Metro Weekly

The Right's Food Fight

Values Voter Summit illustrated the rifts within the socially conservative bloc

Last weekend’s Values Voter Summit was welcomed to D.C. by the Southern Poverty Law Center with a full-page ad in The Washington Post titled, “Just whose values are represented at the Values Voter Summit?” and featuring a catalog of anti-gay slanders from the Family Research Council, the summit’s host, and the American Family Association, a co-sponsor.

Even more illuminating was the summit’s spectacle of religious fanaticism turned in upon itself, a long-simmering problem in the GOP that boiled over when Pastor Robert Jeffress of Dallas, after introducing Rick Perry as “a genuine follower of Jesus Christ,” told reporters that the Mormon Church is a cult.

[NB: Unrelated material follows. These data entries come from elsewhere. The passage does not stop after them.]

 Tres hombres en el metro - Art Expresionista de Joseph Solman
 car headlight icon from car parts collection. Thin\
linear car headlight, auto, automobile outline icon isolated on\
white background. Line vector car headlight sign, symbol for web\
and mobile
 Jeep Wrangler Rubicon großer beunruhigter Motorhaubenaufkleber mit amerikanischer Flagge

The Republican presidential frontrunner, who just happens to be Mormon, took the high ground: “We should remember that decency and civility are values too. One of the speakers who will follow me today has crossed that line, I think. Poisonous language doesn’t advance our cause. It’s never softened a single heart nor changed a single mind.”

Mitt Romney was referring not to Jeffress but to AFA’s Bryan Fischer, who was to follow Romney at the podium and who recently said, “The purpose of the First Amendment is to protect the free exercise of the Christian religion.” Fischer stated that the Church of Jesus Christ of Latter-Day Saints “is not an orthodox Christian faith.” Of course, the religious right considers most professed Christians insufficiently orthodox. Romney had little to lose by rebuking Fischer, as demonstrated by his dismal-as-expected 4 percent showing in the summit’s straw poll.

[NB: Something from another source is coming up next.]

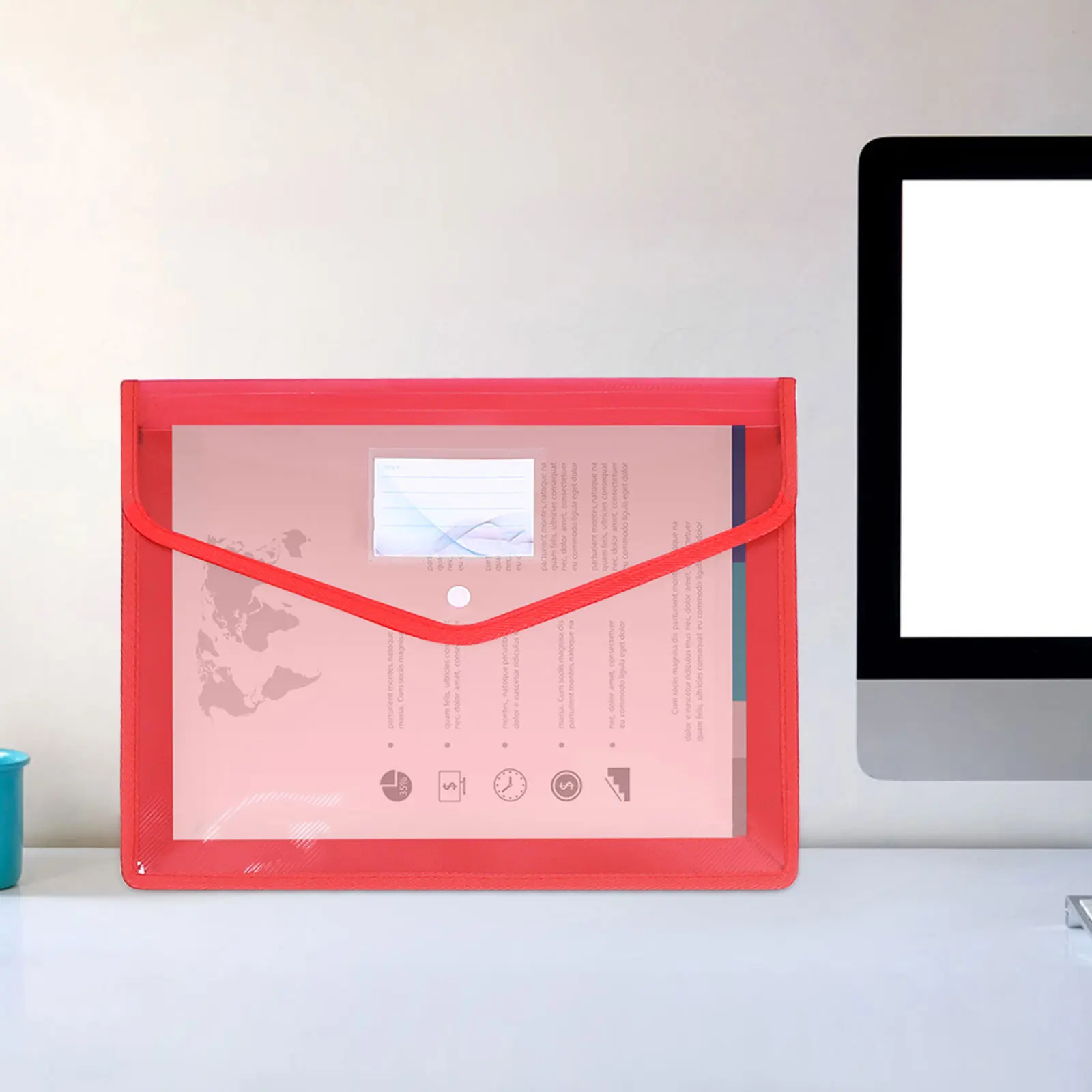 

Waterproof File Bag Storage Binder Filing Document Holder Office Desk Organizer Wallet Folder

The other candidates were so eager to evade questions on Romney’s Christianity that you would think his father was from Kenya. It fell to former Education Secretary William Bennett to scold Jeffress: “You did Rick Perry no good, sir, in what you had to say.”

The endlessly inventive Fischer also claimed that Major League Baseball helped prevent another 9/11 by changing the sing-along in the seventh inning stretch from “Take Me Out to the Ballgame” to “God Bless America,” thus unleashing the power of Christian prayer. Really? Not only have I attended several baseball games at Nationals Park in which we still sang “Take Me Out” (if you’ll pardon the expression), but even Fischer might concede that the efficacy of “God Bless America” is offset by the ubiquitous playing of Queen’s “We Will Rock You.” And I hate to mention it, but Freddie Mercury was born Farrokh Bulsara on the island of Zanzibar.

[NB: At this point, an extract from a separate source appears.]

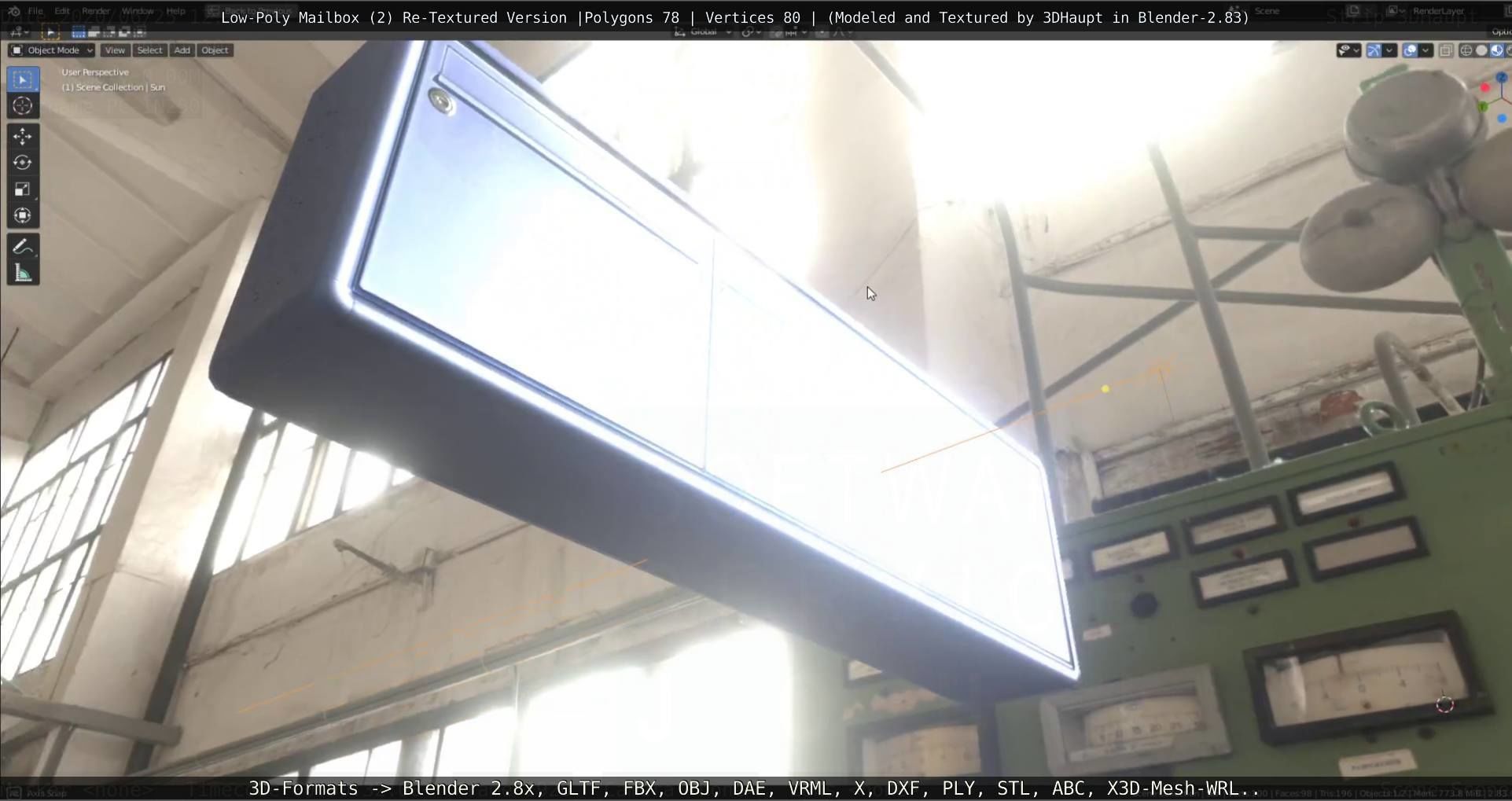 Blue Low-Poly Mailbox 2 Re-Textured Version Low-poly 3D model_58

In other summit news, Rick Santorum lied that President Obama has instructed military chaplains to perform same-sex weddings. I credit Santorum for his Orwellian logic by which granting permission constitutes a command.

Mat Staver of Liberty Counsel called the LGBT movement “a zero-sum game … a direct assault on our religious freedom and freedom of speech,” which suggests that straight people cannot marry, pray, or even speak if gay people are allowed those things.

A man at the PFOX (Parents and Friends of Ex-Gays and Gays) booth talked as if the anti-bullying movement is itself a form of bullying: “What we are doing to kids, pressuring them sexually, this sexual anarchy, homofascism, it’s gotta stop.” In other words, it’s okay for PFOX to distribute “ex-gay” propaganda in public schools, but trying to protect kids from anti-gay bullying is pushing sex on them.

Party discipline may eventually prevail over sectarian squabbling, allowing the GOP to present a unified front against Barack Obama and the Democrats. But last weekend’s ugly display of right-wing values, and the parade of Republican politicians pandering to them, gives Democrats an opportunity to promote contrasting values like understanding and respect instead of fear and hatred.

And if the GOP’s voter-suppression efforts are complemented by evangelical Christians refusing to vote for Romney out of religious bigotry, it couldn’t happen to a nicer party.